Exercise> Leave out all pictures. Extract exactly the lines from the one containing "પૂરના પાણીમાં આનંદ માણતા લોકો| MantavyaNews" through the end of the data.

Extracted information>
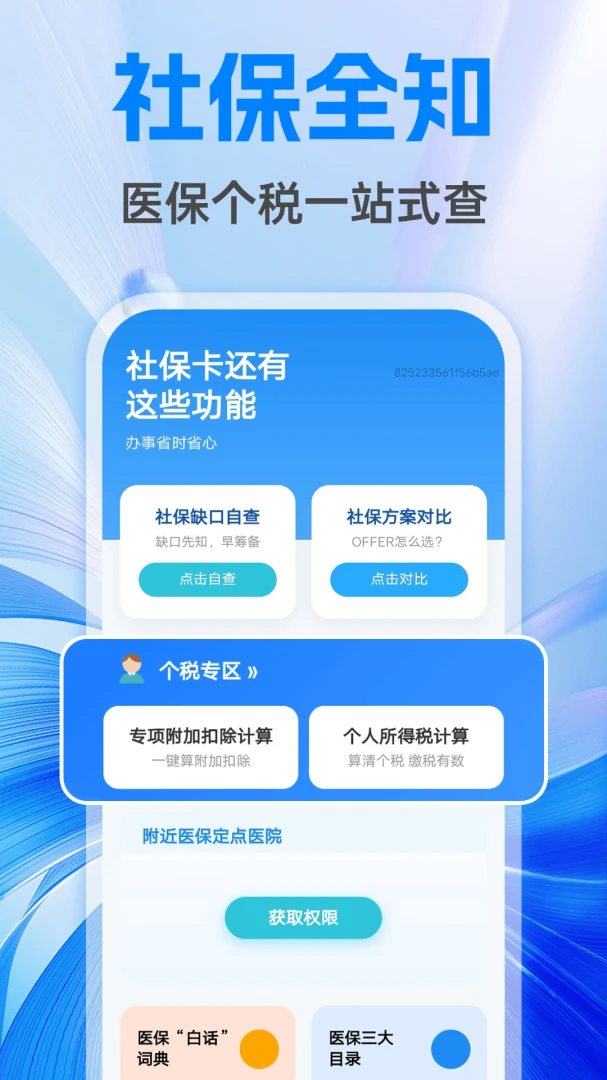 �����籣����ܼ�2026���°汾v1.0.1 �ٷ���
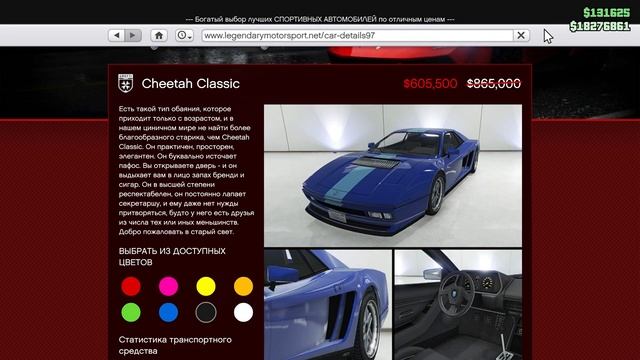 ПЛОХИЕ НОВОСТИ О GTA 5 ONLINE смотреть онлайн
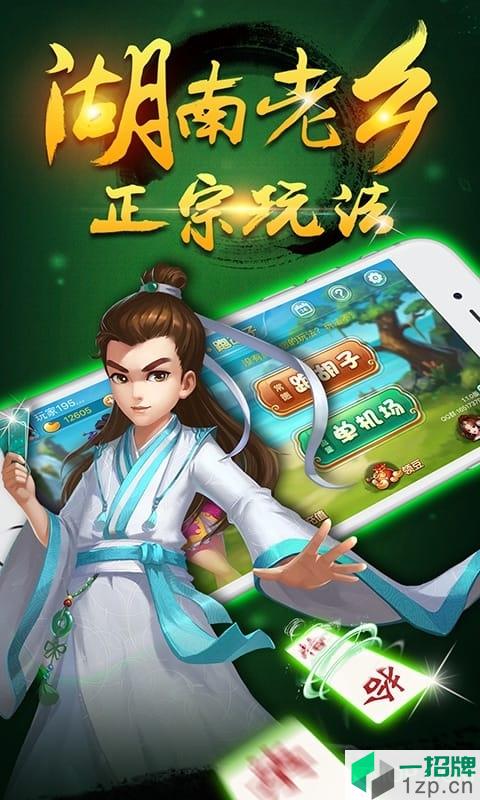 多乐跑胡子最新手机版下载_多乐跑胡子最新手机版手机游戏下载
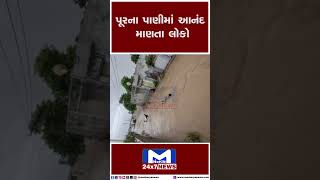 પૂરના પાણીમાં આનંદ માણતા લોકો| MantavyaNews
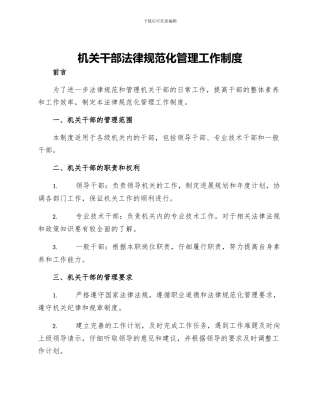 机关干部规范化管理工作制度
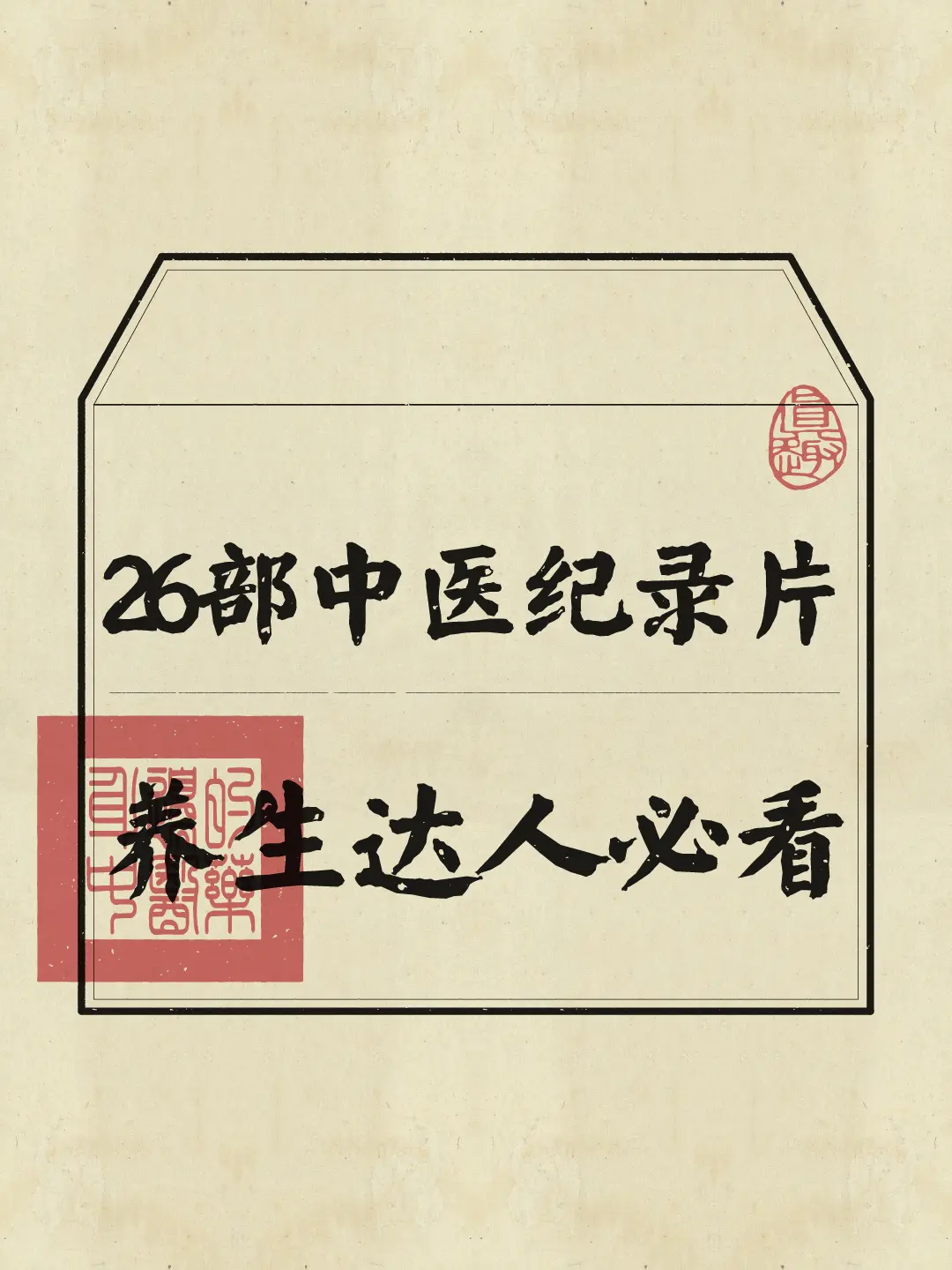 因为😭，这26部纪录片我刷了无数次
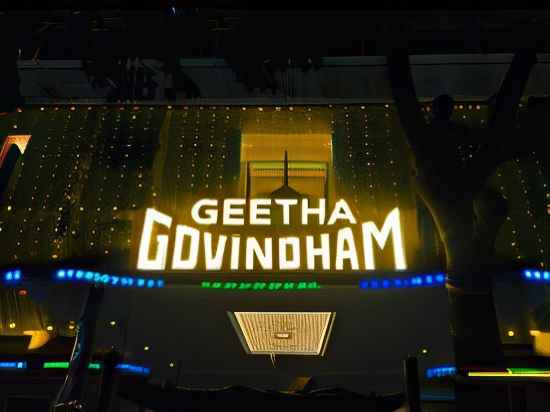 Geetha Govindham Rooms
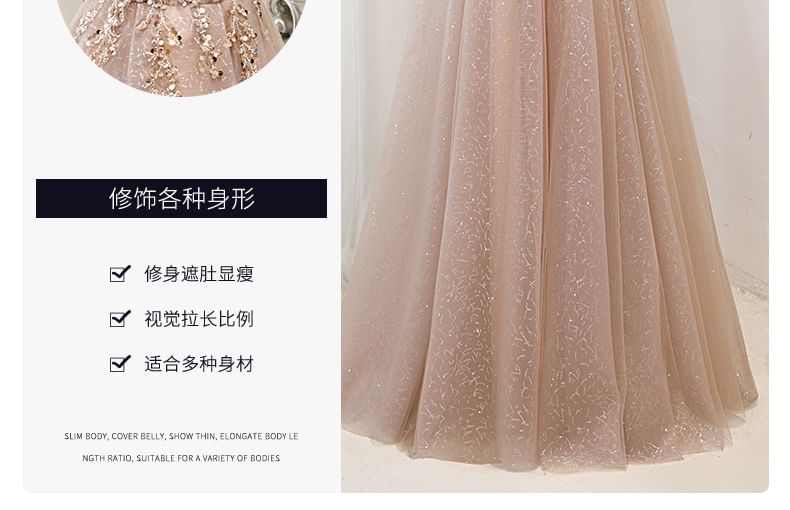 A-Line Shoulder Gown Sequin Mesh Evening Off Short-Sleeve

Your solution>
 પૂરના પાણીમાં આનંદ માણતા લોકો| MantavyaNews
 机关干部规范化管理工作制度
 因为😭，这26部纪录片我刷了无数次
 Geetha Govindham Rooms
 A-Line Shoulder Gown Sequin Mesh Evening Off Short-Sleeve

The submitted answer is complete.